They've added the concept of immutable views into managed or unmanaged data, aka Spans. This allows huge reduction in allocations in the framework: https://msdn.microsoft.com/en-us/magazine/mt814808.aspx


I get the feeling that there has been a lot of low-hanging optimization fruit in .NET that went unaddressed because a) the original compiler was too complicated to change and b) there was no pressure to improve it because it only ran on Windows and there were no real competitors.

a) was addressed by Roslyn, which is apparently much more manageable, and now that .NET is supposed to run everywhere, it has to have competitive performance. Hence the big gains.


I think there's also c) .NET Core is OSS, and has had a lot of contributions from the community for things that MS themselves didn't prioritize.


Yes, this is an excellent point I forgot. With closed-source, you only get to make perf improvements if your manager decides there's not a more important feature you should be working on instead.


Just a small thing, the Roslyn compiler (or any C# compiler) does very few optimisations, see https://blogs.msdn.microsoft.com/ericlippert/2009/06/11/what... for some details.

Almost all of the 'compiler' optimisations are done by the JIT at run-time when it converts the IL code into machine/assembly code


For example, .NET doesn't do escape analysis, though I've read this is less of an issue for .NET than Java because .NET has struct value types instead of everything being a heap-allocated object.

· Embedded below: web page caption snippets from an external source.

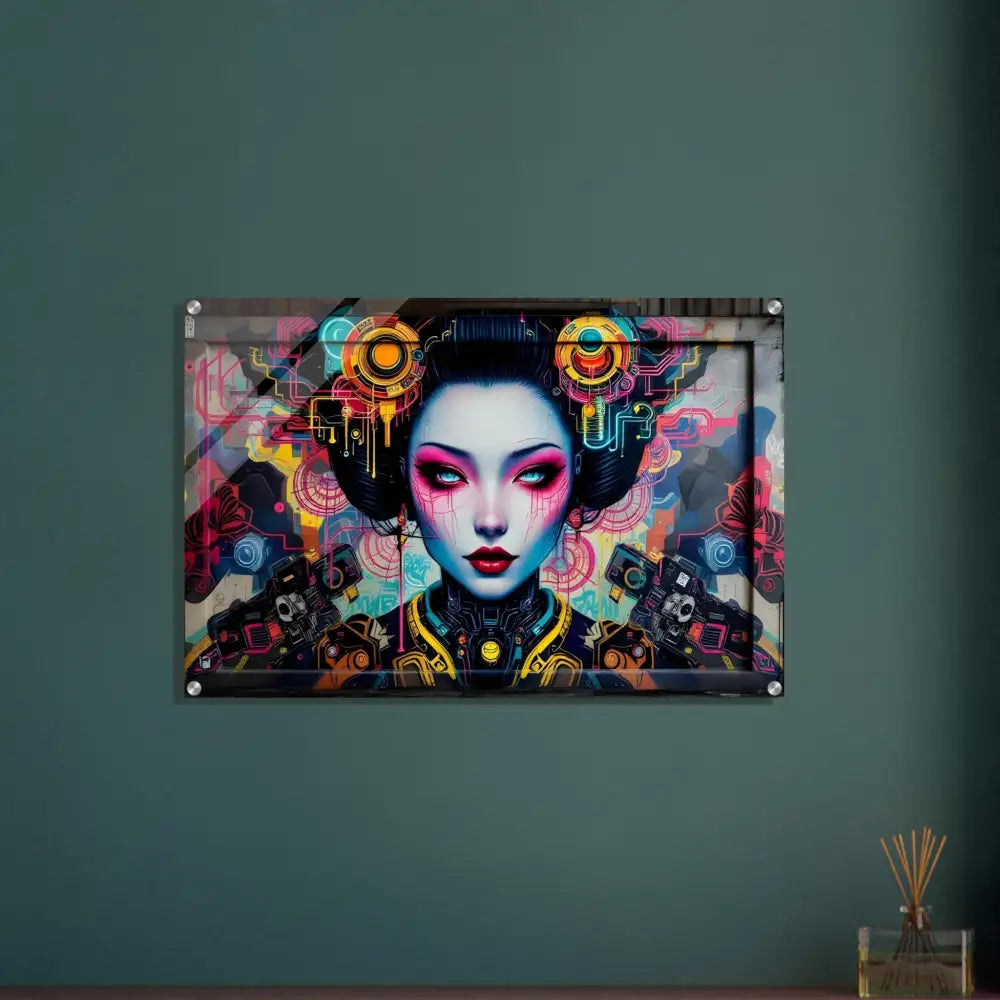 Cyberpunk Geisha artwork displayed on Acrylic Print in PixiOnyx Urban Circuit Icon collection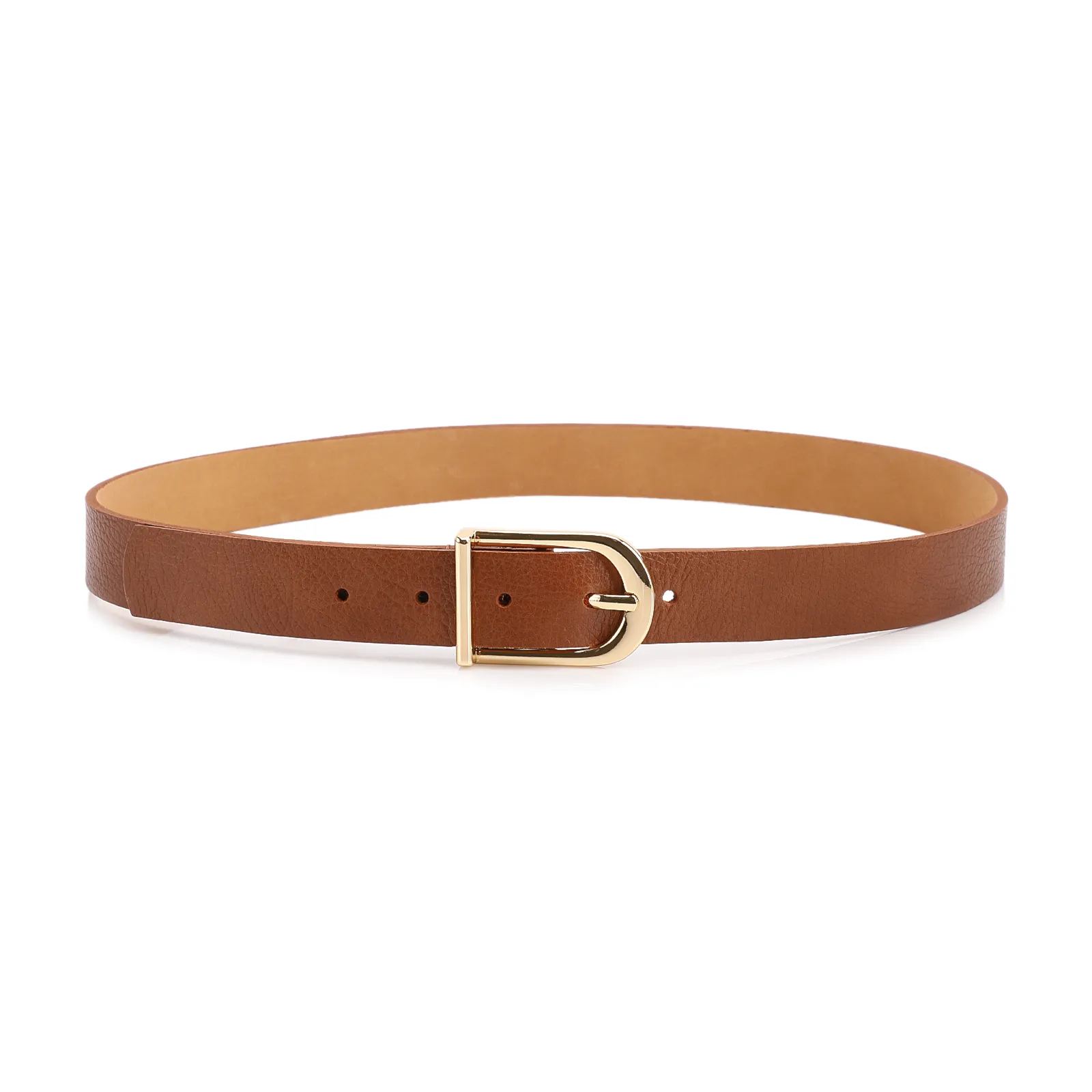 Cinto Marrom Claro Antique Fivela Arredondada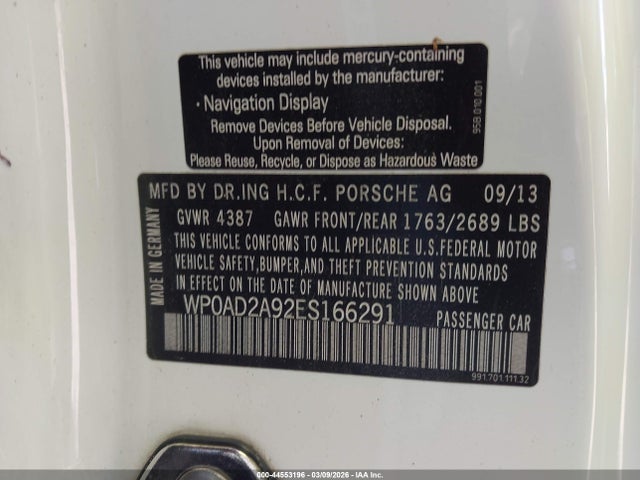 2014 PORSCHE 911 WP0AD2A92ES166291 Photo 8
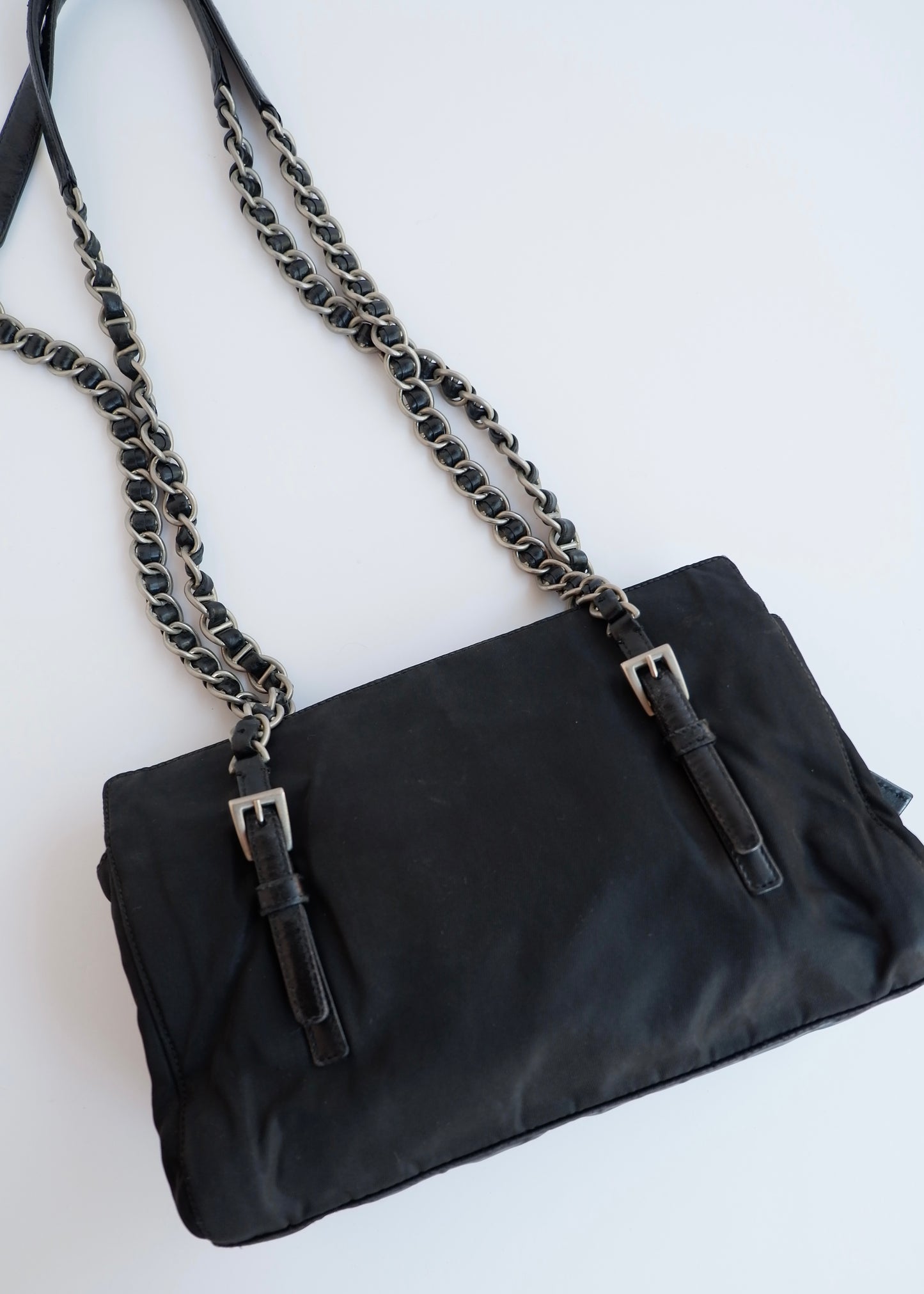 Authentic Preowned Prada Black Nylon/ Leather Metal Chain Shoulder Bag
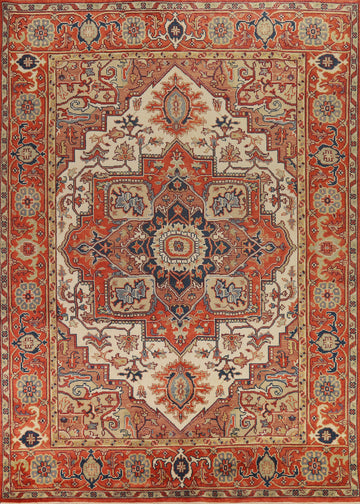 Ivory & Orange Wool Heriz Serapi Indian Area Rug 9x12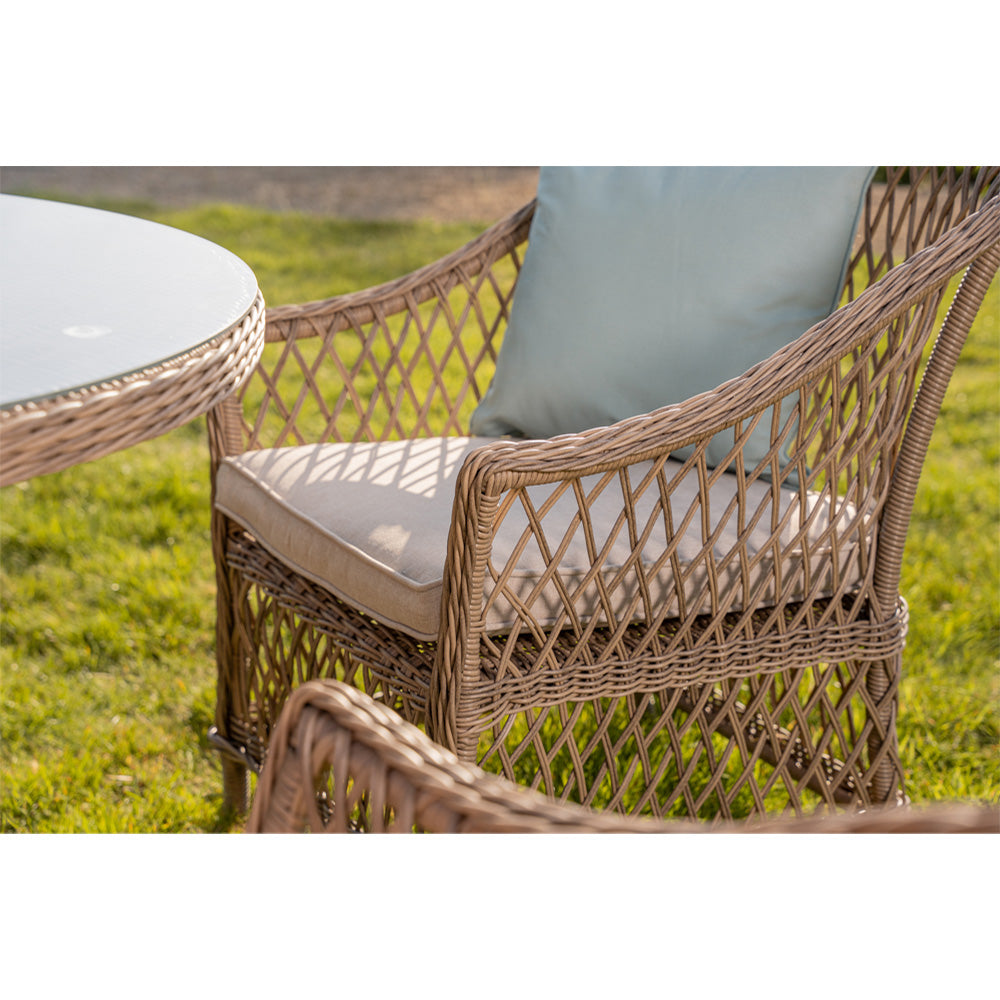 Provence 4‑Seater Rattan Garden Dining Set with Round Table and Furniture Cover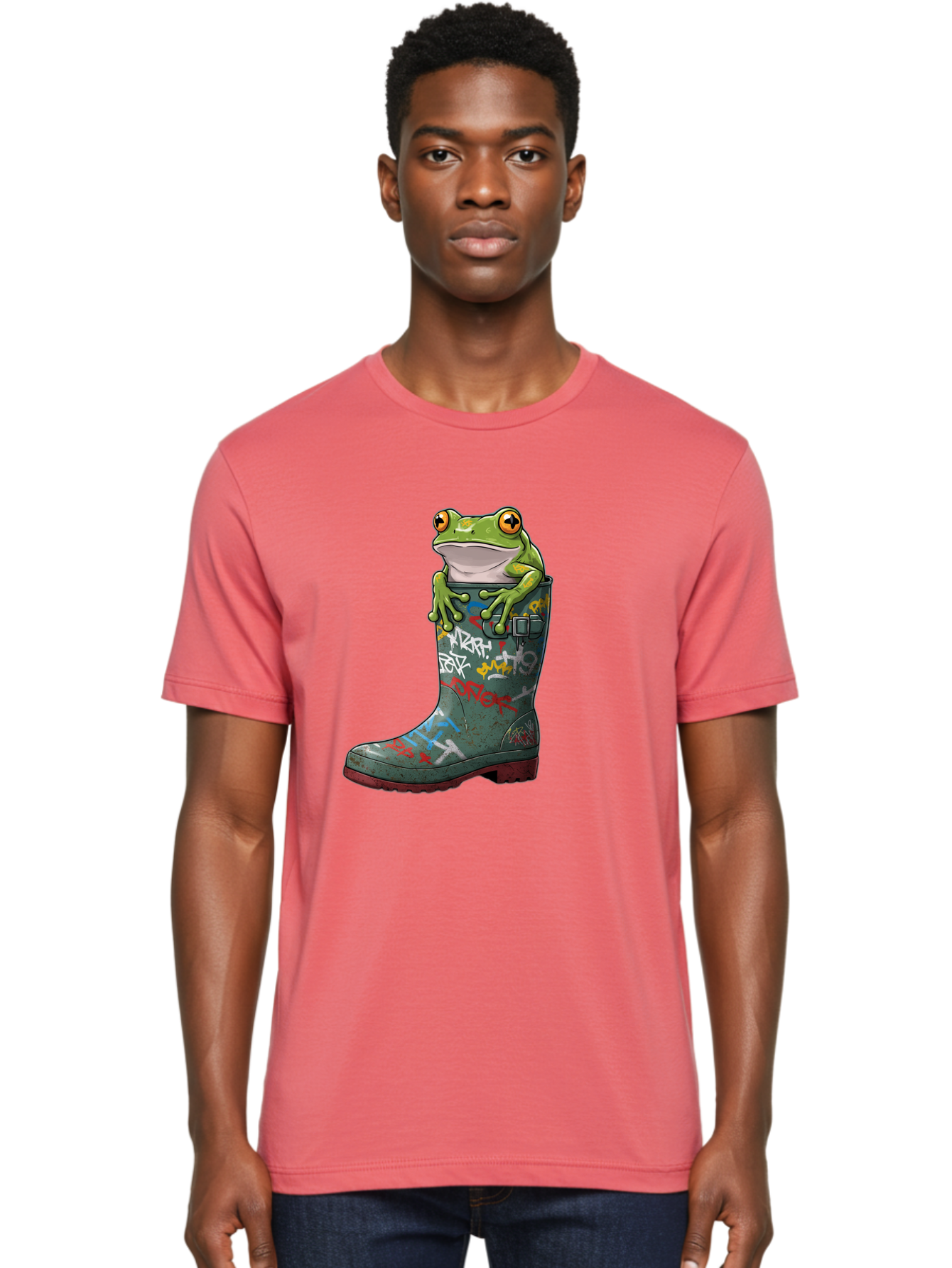 Frog-In-Boot-3 Men'S Graphic Tee, 100% Cotton, Comfortable Casual Summer Wear, Machine Washable, Vintage Camera, Old Camera, Antique Camera, Black Camera, Classic Photography, Photography Equipment, Nostalgic Device, Film Camera, Camera Art Bam441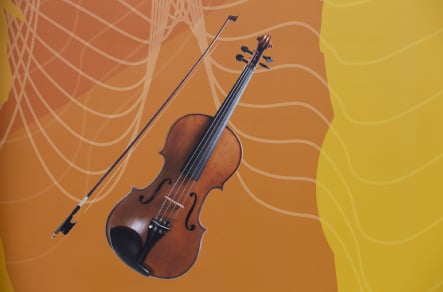 Musical instruments bespoke school hall wrap wall art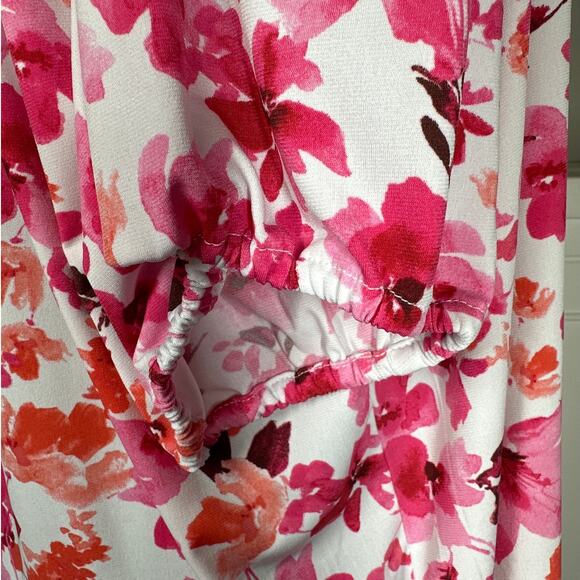 Susan Graver Floral Printed Liquid Knit Square-Neck Peasant Top Pink Size 2X - Picture 5 of 10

https://news.ycombinator.com/item?id=16225696


It is, but I wonder what they're measuring on Y-axis. I just says `(actual values omitted)`.


Seems like it's also offset (e.g. Y starts above zero).

>... the final precipitous drop (on June 2) is the deployment of .NET Core 2.1! That is a 34% improvement ...

If so, that graph seems to be deliberately misleading.


It says "The Y axis is the latency (actual values omitted)". I, too, wish they had shared the actual values, though.


Its latency


In what? Bananas per second? No value on the axis means we don't know what _exactly_ is being measured, or have an idea about the overall state. They say 37% improvement but that's largely meaningless. 37% improvement of what?

If latency is 1 minute and they've shaved 22 seconds off (37%), neat. But it's still bad.

If anything, the deliberate omission of scale on that Y axis is really disturbing.


It's in milliseconds. I'm going to update the post and add that note, but omitting values was a business decision, sorry.